Self and Other
[In the following review of Self, Hamelin asserts that Martel's narrative combines good storytelling with a genuinely experimental approach, but that the book has a tendency to keep the reader at a distance.]
Self is a Künstlerroman—an artist's novel—whose challenging of conventions generates much vitality. Although it is a fictional autobiography, its unnamed protagonist is, like the author, a writer in his early 30s with diplomat parents. Yet Yann Martel would likely disapprove of any quibbling about genre: Self embraces diversity, shattering all categories.
As a child, the protagonist absorbs the world with openness: “I treated the vacuum cleaner—a distant cousin of the elephant—and the washing machine—a relative of the racoon—with the greatest respect.” Sensitive and intelligent like St-Exupery's Petit Prince, he expounds complex theories about the universe.
Shocked to learn that there are only two genders, and “grief-stricken” that he cannot marry his playmate, he becomes aware of social categories. He must grasp that in French, all things are gendered: trees and wind are masculine, flowers and machines feminine. Throughout the novel, various languages are juxtaposed, reflecting Martel's pluralism.
The evocative descriptions of childhood showcase Martel's original, elegant style. A new tone emerges when, at age seven, the boy sees a large sea turtle that was overturned and left to die. Henceforth his world-view is tainted by an awareness of nihilism.
The adolescent years of the speaker, who struggles at an Ontario boarding school, are also poignantly described, though his preoccupation with acne and masturbation is occasionally overwhelming. The boy's tragic loss of his parents engenders a life-long quest: he seeks connection with the world, a connection that had seemed natural in childhood, before he recognized the inevitable separation between Self and Other.
At 18, he wakes up one morning and discovers he is a woman.
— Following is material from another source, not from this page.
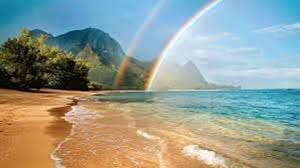 Fundraiser by Kelly Lower : Trey's Make a Wish Trip to Hawaii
At the novel's close, the speaker re-becomes a man. These spontaneous gender changes represent psychological fluidity and show that gender, like language, is an external form that need not determine identity. In keeping with current theories, Martel suggests that identity is a self-made construct. Remarkably, because the speaker's voice remains constant, the inexplicable gender changes seem plausible.
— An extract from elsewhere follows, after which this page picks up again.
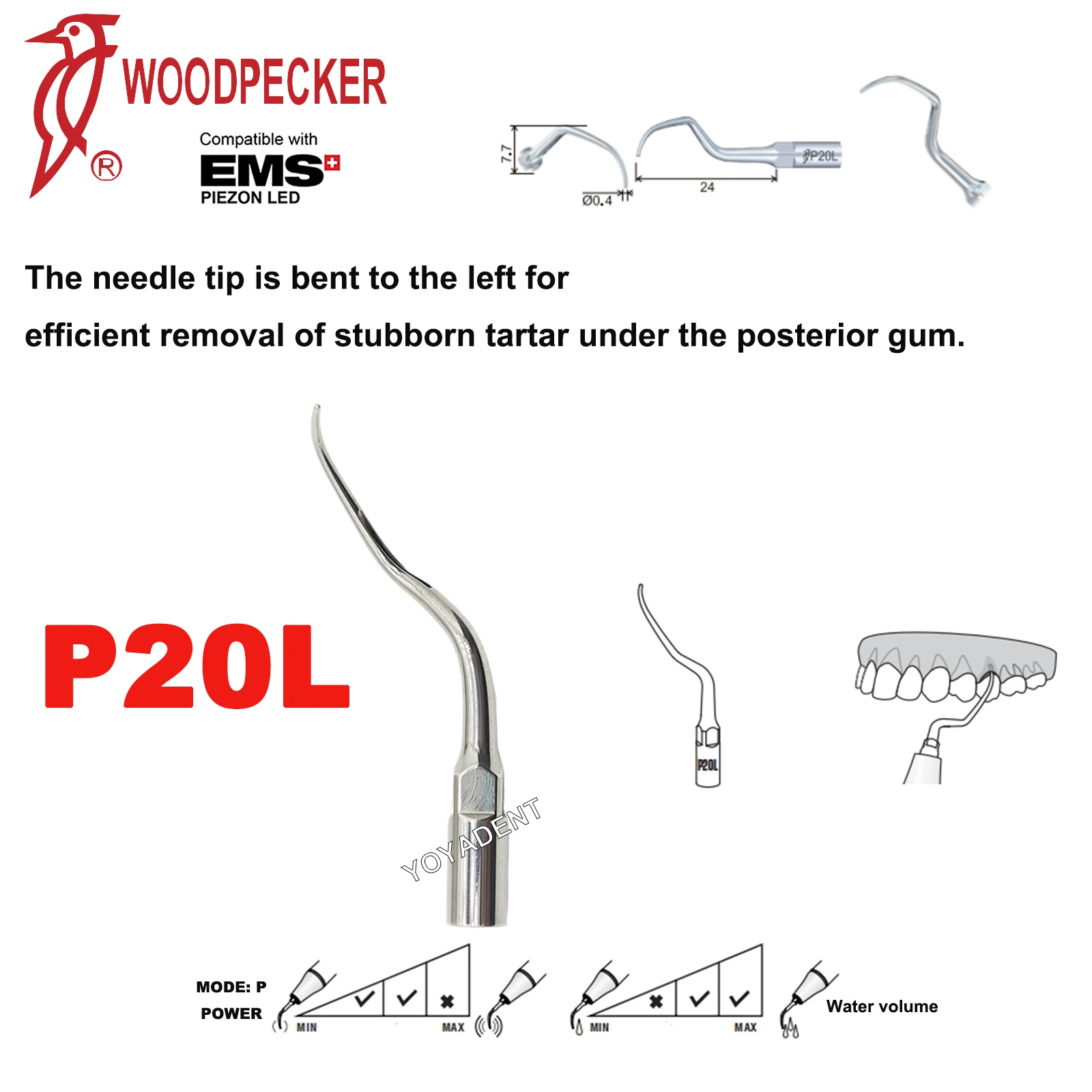 P20L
The speaker travels through Europe exploring her sexuality and then enrols at a small Ontario university, where she begins a novel. Regardless of whether she is capturing a moment through writing or experiencing sexual intimacy, she always seeks profound connection with otherness.
In his innocence, the boy, who always checked the strainer for “bereft” noodles and ate them tenderly, developed an elaborate theory: watching television, he saw an enlarged eye, and then a shot of silvery darting fish. He concluded that fish live in our eyes, determining their colour, and feed on our love. In moments of love, fish rise to the surface and are visible. He/she carries this theory forever, a Wordsworthian spot of time posited against the fragmented adult world.
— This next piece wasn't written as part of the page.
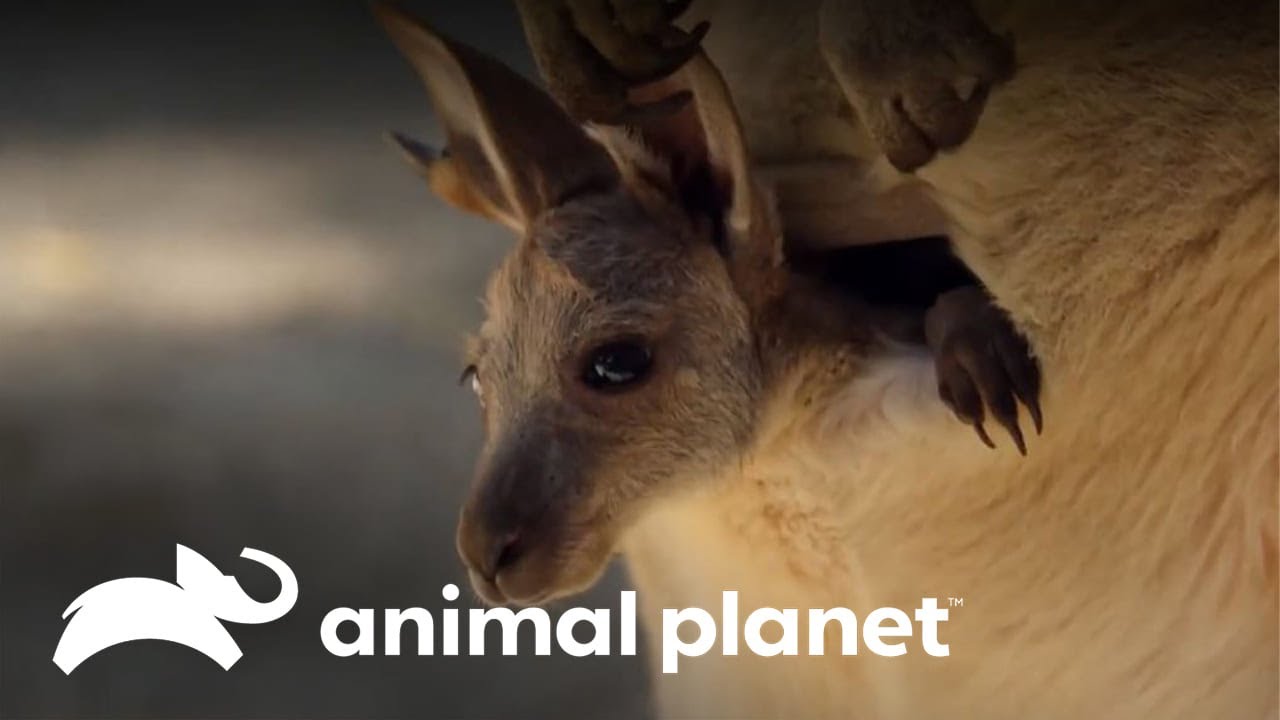 La increíble reproducción de los canguros | Los Secretos del Mundo Animal | Animal Planet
Martel enjoys writing about sex and does so convincingly. Yet the speaker usually has sex hoping to find “fishy” eyes. The various partners—as a man and a woman, the speaker has encounters with both genders—are unable to provide true union. One speaks a foreign language, one wants only friendship, one already has a family and one insists on a clandestine relationship.
Attempts to connect through writing are also largely fruitless. She constructs her novel by covering her walls with index cards containing ideas, reminders, words, themes. The project aborts because there is no unifying whole. However, after spending years in the self, in loneliness, she meets Tito and, with him, creates a home in Montreal. She finally achieves the connection she had sought since her parents' death, or perhaps since seeing the violated turtle. The two travel together; she begins a new novel and becomes pregnant.
A violent rape shatters her world, suggesting the necessary impermanence of happiness. Yet the scene is not sufficiently affecting. Although the speaker's experiences since birth, from his first “caca” to his first lover, from her first menstruation to her first novel, have been shared, the reader is held at bay, appreciating Martel's magnificent creation rather than empathizing fully with the speaker. Perhaps to write about such personal matters, such a private world, Martel had to impose some distance, and that distance is felt by the reader.
A thorough investigation of subjectivity inevitably leads to a certain self-centredness. Martel's sometimes flippant tone and the rather superior air of his protagonist occasionally threaten to override the energy of his writing.
Self is a moving, entertaining novel about a Petit Prince, an open-minded quester in a fragmented, overly organized world. An intelligent, culturally rich work, it combines good story-telling with a genuinely experimental approach. Martel, already lauded for his short stories, has written an energetic novel that in no way reads like a first attempt.